The following piece by ICBA Chief Economist Jock Finlayson, in his role as a Senior Fellow of the Fraser Institute, was first published in the Toronto Sun on August 7, 2024.
Canada is losing corporate head offices. Between 2012 and 2022, one-in-20 head offices closed or merged with other companies, according to Statistics Canada data, which track the number of large and mid-sized Canadian-based companies over time. Head office employment has also dwindled, dropping by around 6 per cent since 2012.
While Canadian corporate headquarters are concentrated in Ontario, Quebec, Alberta and British Columbia, almost all provinces have lost head offices since 2012. In some cases, this can be attributed to energy companies exiting, merging or scaling back their operations in Canada following the plunge in oil prices from 2014 to 2016 and the emergence of an investment-chilling federal regulatory environment. That said, the decline in corporate headquarters and related employment has been broadly-based.
Why should Canadians care?
Head offices serve as “command and control centres” for key decisions about people, products, processes, technologies and strategies for growth. They create local demand for services such as accounting, law, engineering, management consulting, finance and advertising. People who work in these supplier industries, like those employed directly by companies’ headquarters, also earn above-average wages and salaries. A robust head office sector bolsters the tax base to help pay for public services. It also has a positive impact on the extent of private-sector support for education, health care, and arts and charities.
What can be done? Canada has little prospect of “poaching” head offices from elsewhere. Indeed, there is a risk that some Canadian companies in sectors such as energy, forestry, technology, and pipelines could relocate their headquarters to the United States.
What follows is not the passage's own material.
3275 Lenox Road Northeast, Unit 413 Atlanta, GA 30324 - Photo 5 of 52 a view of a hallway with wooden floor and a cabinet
Instead, policymakers should ensure that Canada has a business environment that helps retain head offices and creates opportunities for more local firms to scale into larger enterprises.
Unfortunately, Canada is hamstrung by a poor policy environment for business growth, including an antiquated tax system that defies understanding even by the most skilled tax accountants, complex and inefficient regulatory processes affecting many industries, internal trade barriers that fragment the domestic market, heavy direct government involvement in multiple sectors of the economy, and a federal government that seemingly lacks interest in doing much to improve the efficiency and productivity of the national economy.
For example, the combined federal-provincial business tax rate doubles or triples if companies grow their net income above a modest level (typically, $500,000). Provincial payroll taxes kick in at thresholds that encourage “micro-businesses” and impose higher tax burdens on mid-sized companies. Research and development tax credits are skewed to benefit very small businesses. Canada also levies high personal tax rates at relatively low income thresholds compared to most other advanced economies, including the U.S. and the United Kingdom. The most skilled employees—managers, professionals, scientists, technologists and so on—are internationally mobile. Many can and will leave Canada for better opportunities in other jurisdictions.
In truth, Canada today is not a particularly attractive location to situate head office jobs, nor to undertake the kind of high-value corporate activities that depend on the presence of senior management and deep pools of professional and technical talent.
Canada cannot afford to see the continued loss of head offices. Governments at all levels should enact policies to support a strong head office sector. And they should avoid taking steps that will spur a further exodus of successful Canadian companies and our most talented people.